If you have a coin which has a small bias to heads and you keep placing an even money bet that it will come up tails then eventually you will lose your money. You are playing a losing game, the odds are against you and you will lose in the long run. This will be our first game, a simple coin toss with a biased coin (coin 1)

The trick in the paradox is that the second game must involve a choice which depends on another factor. In the coin tossing example the second game might work as follows:

A player has a certain amount of money. At each turn they choose one of two coins to toss (coins 2 & 3), which coin they choose depends on the amount of money that they have at the start of that turn.

If the amount of money is a multiple of, say, 3 then the player chooses coin 2 to toss, if the amount of money in not a multiple of 3 then they choose coin 3.

Coins 2 & 3 have different likelihoods of coming up heads or tails.

The second game can be constructed as a losing game. As an example, if coin 3 is quite likely to come up tails, so that you win; and coin 2 is very likely to come up heads, so you lose, then the combination of the two can be made to be a losing game as the big losses on coin 2 are not offset by the smaller wins on coin 3.

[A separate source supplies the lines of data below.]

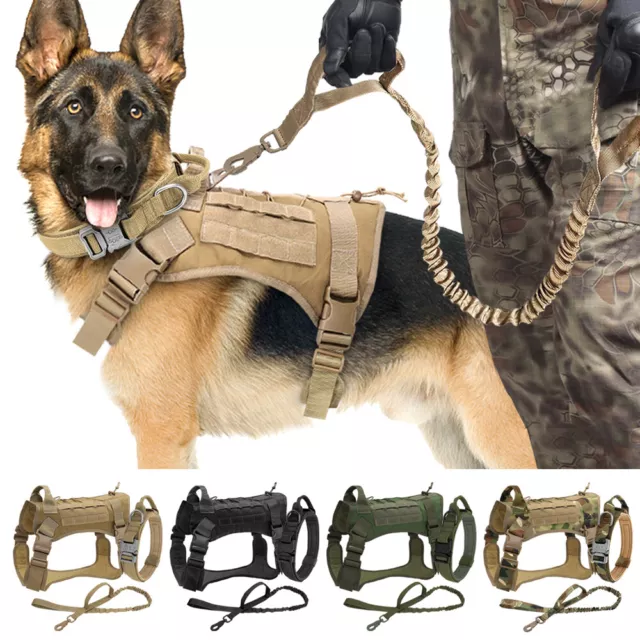 Tactical Dog Harnesses Military Pet Training Vest and Lead Set German Shepherd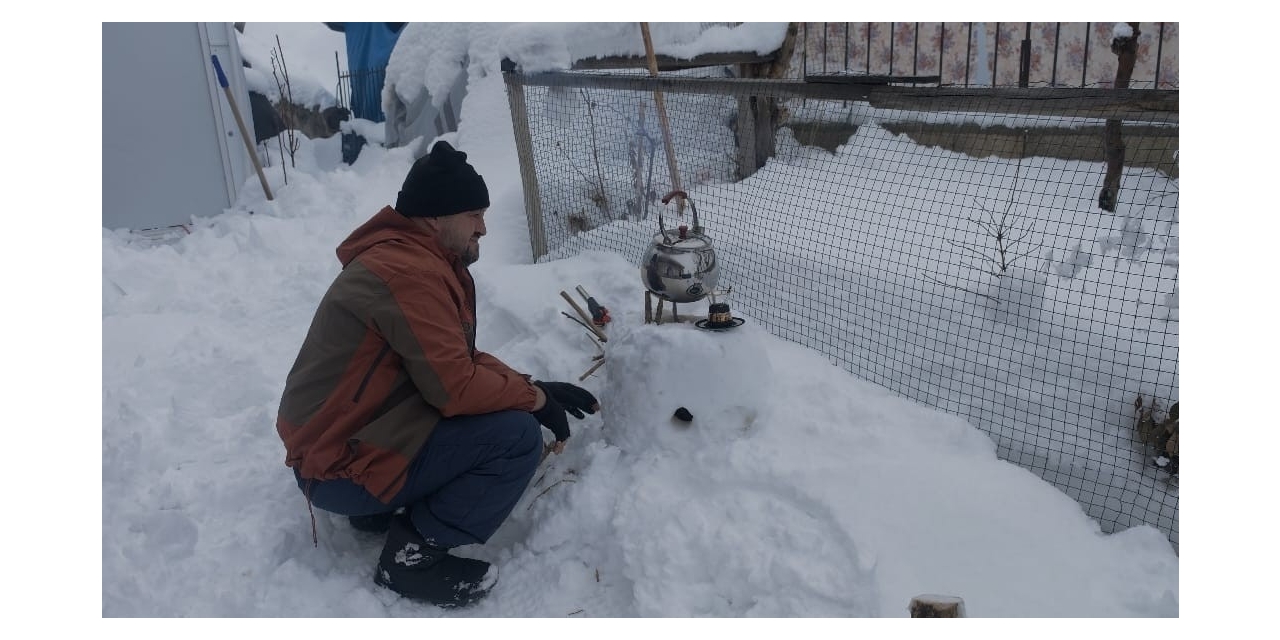 Malatya’da Kardan Soba Yapan Esnaf Çay Demledi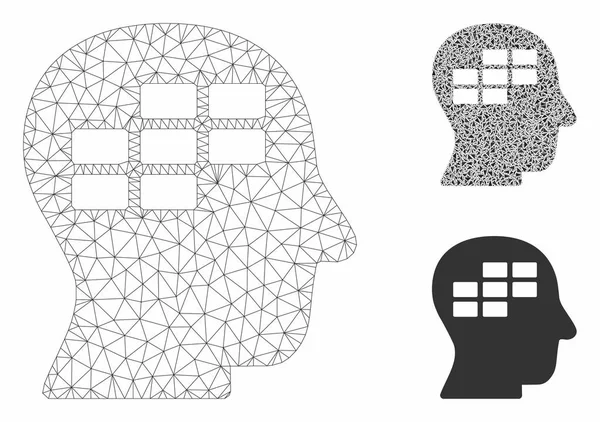 Programar el pensamiento Vector Mesh Network Modelo y Triángulo Mosaico Icono — Vector de stock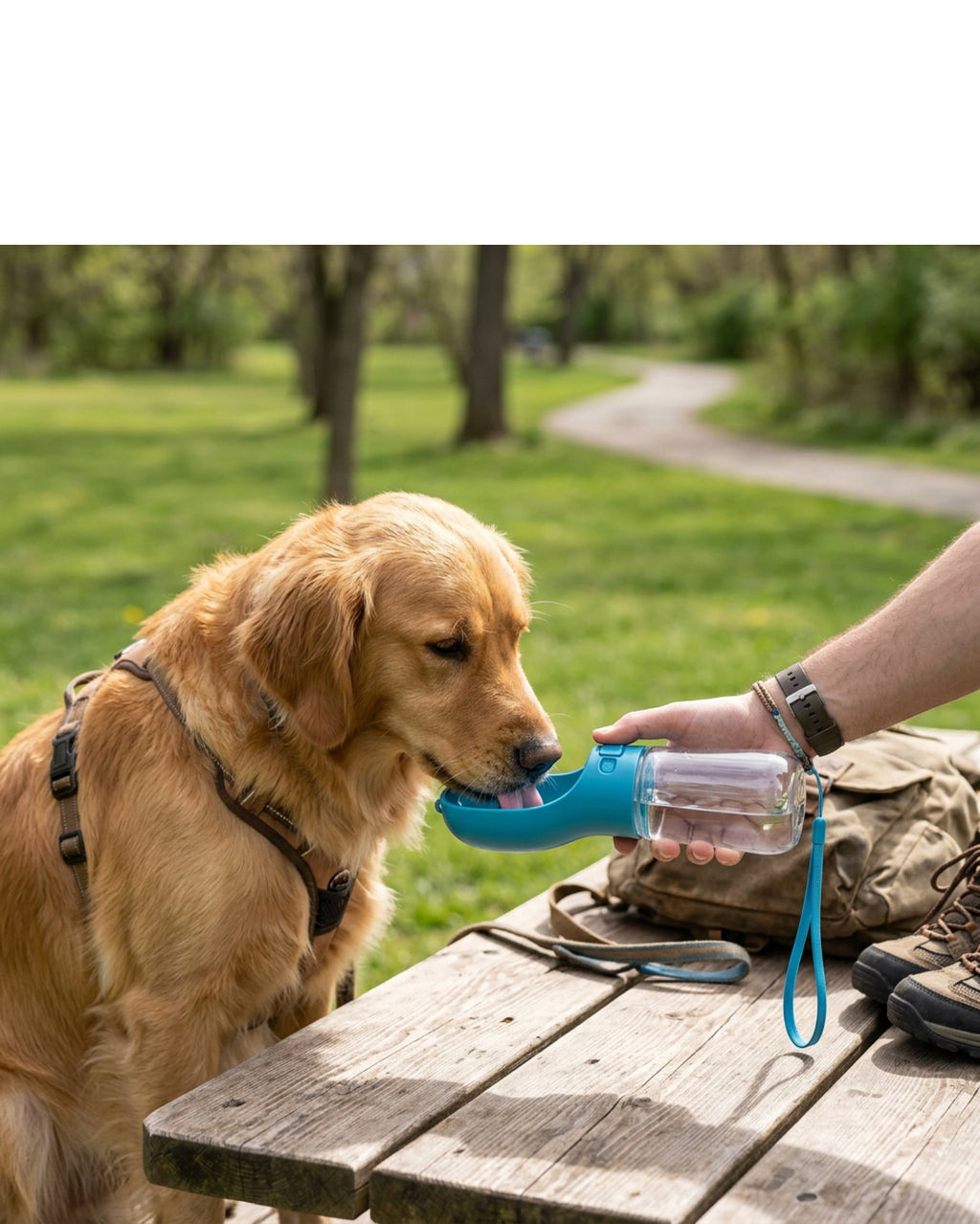 Tucy Pet Travel Water Bottle with Trough 420 ml Ocean Blue - Lifestyle view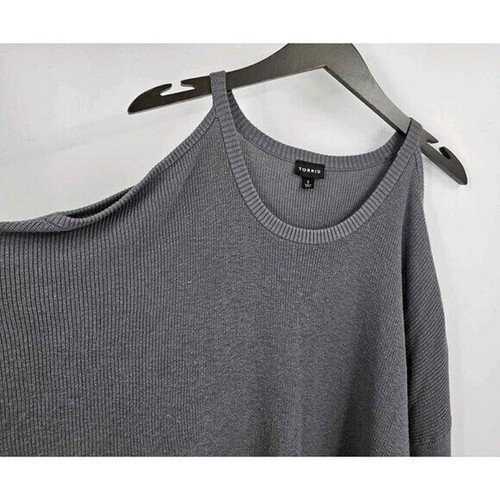 Torrid gerippter Pullover Cold Shoulder grau Stretchpullover Gr. 2X - Bild 3 von 9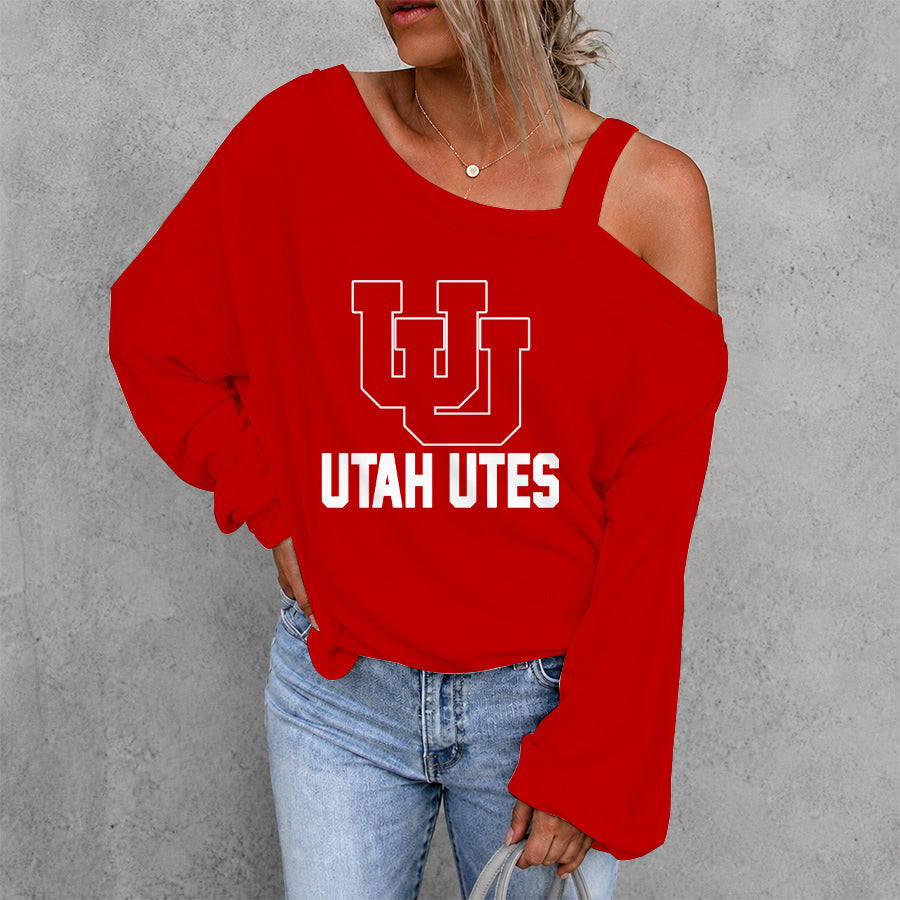 [FAN FAVORITE] NEW CUSTOMIZED NCAA FBS25 UTU UTAH UTES WOMEN'S OFF-SHOULDER LONG SLEEVE SHIRT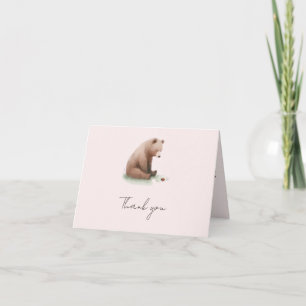 Vintage Watercolor Teddy Bear Baby Shower Thank You Card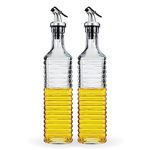 Amazon Brand - Solimo Oil Dispenser With Spout, Juices; Leak-Proof, Dust-Proof, Messy-Pour-Free, Silica Glass, Striped Design, Set Of 2, 500 Ml, Transparent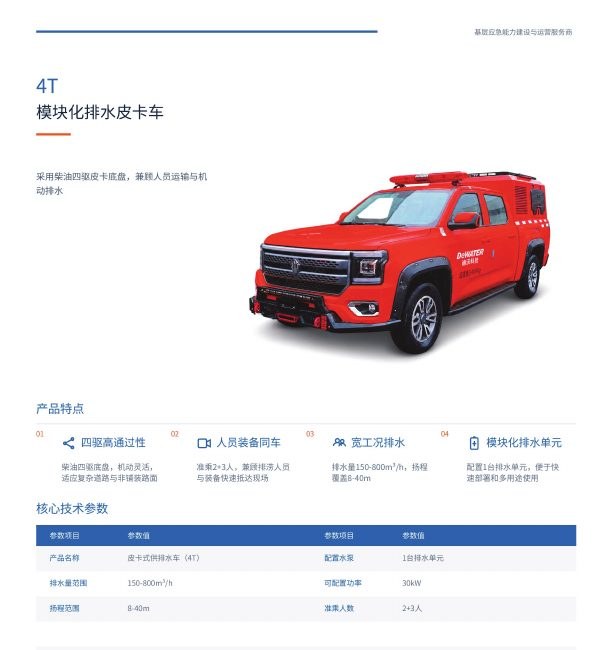 4T 模块化排水皮卡车图册页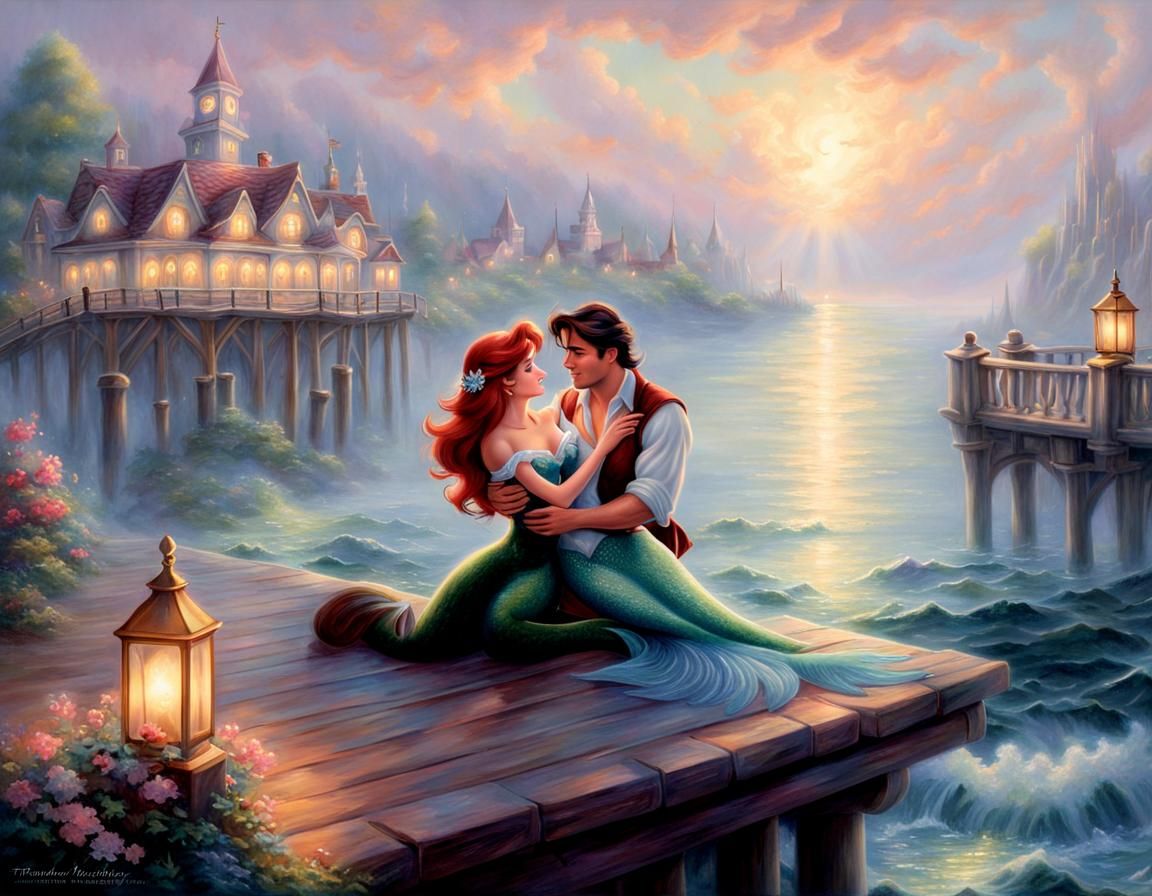 Romantic Mermaid Embrace on Pier: Ethereal Fantasy Art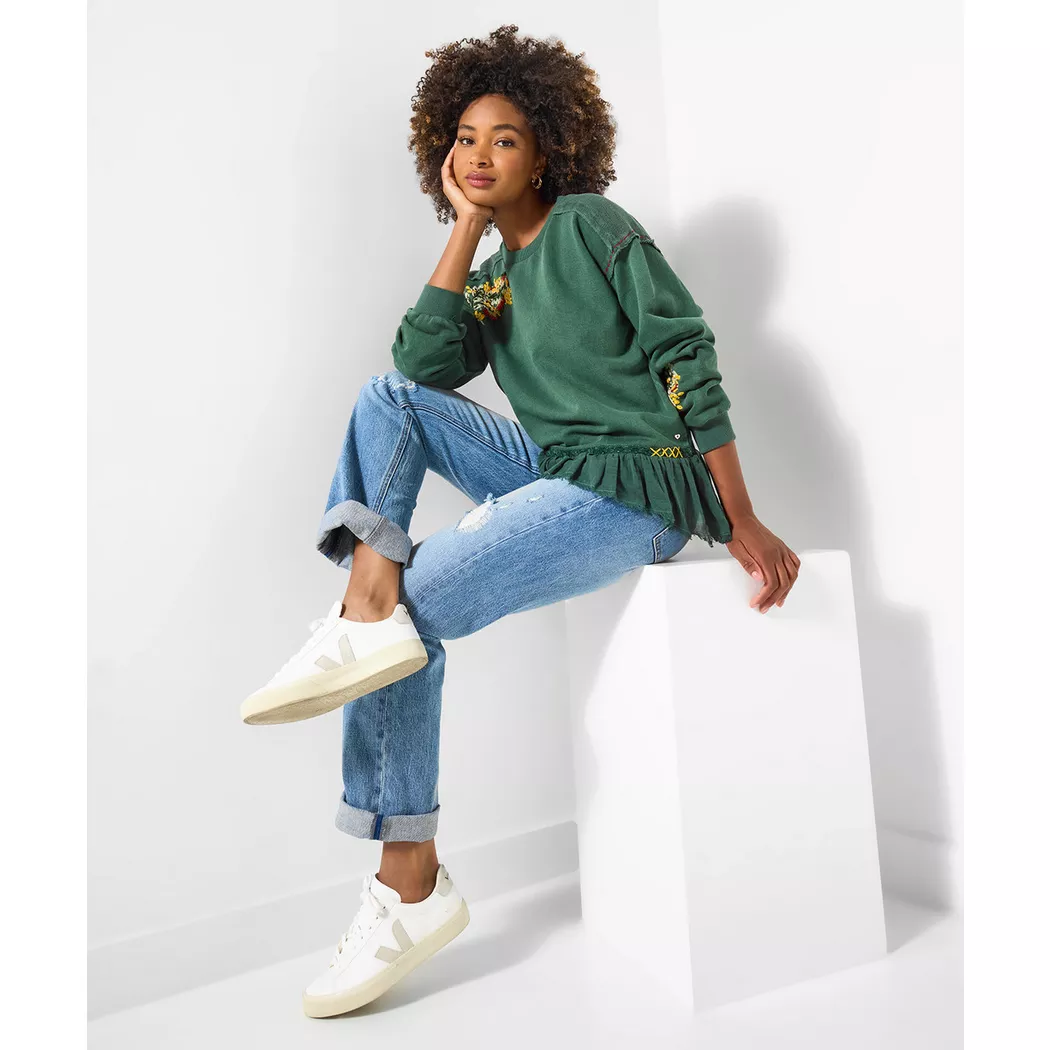 Joe Browns - Sweatshirt mit gewebtem, besticktem Blumen-Saum, für Damen, Grün, Größe 36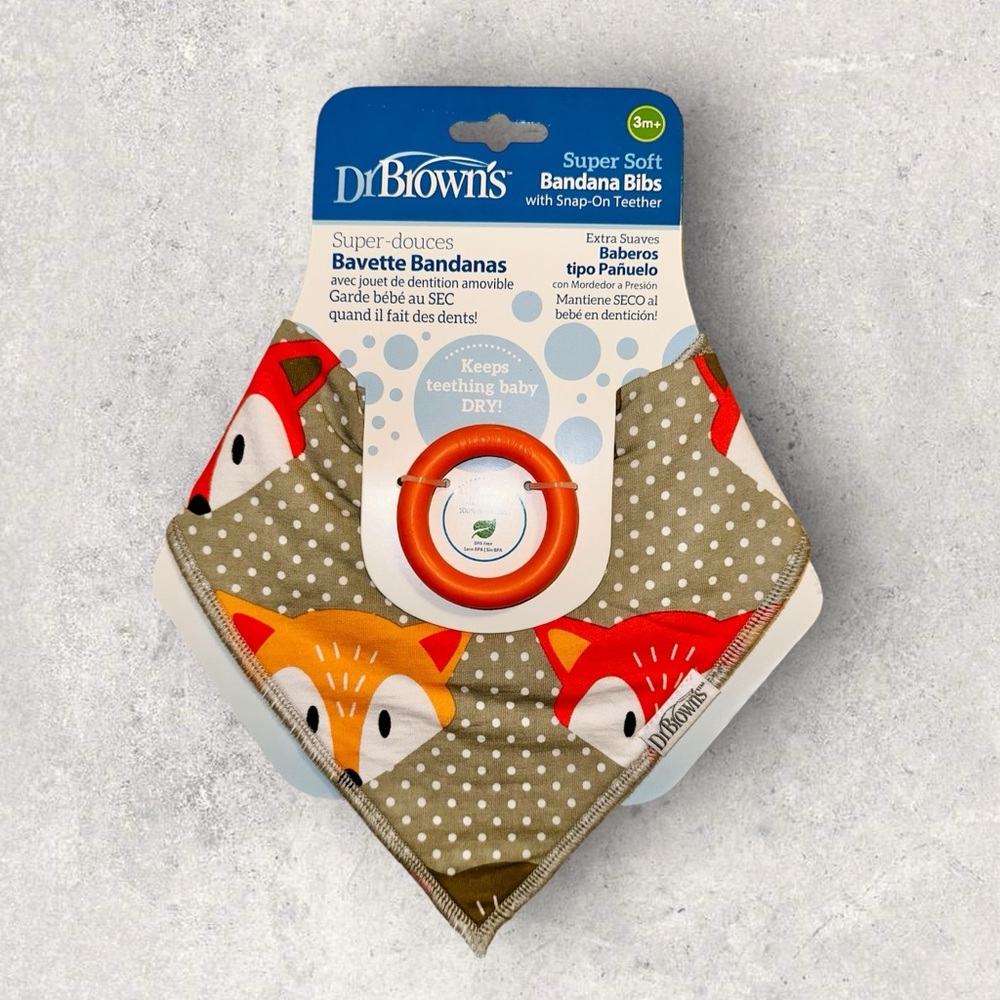 New Dr Brown’s Bandana Bib with teether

By combining this with the first game, by for example playing the first game twice, then the second game twice, then the first game twice etc. It is possible to make the combined game a winning one.

This can work because the combination will mean that the winning coin 3 is used more often in the combined game than it is in the separate game, so the combined game becomes a winning one where the two separate games are losing ones.

This is the paradox, two losing games are combined into one winning game.

With the coin tossing example it is easy to see how this is possible if you consider it to be the combination of three games, two which are losing (coins 1 & 2) and one that is winning (coin 3). As long as you get to play coin 3 enough times you will win overall.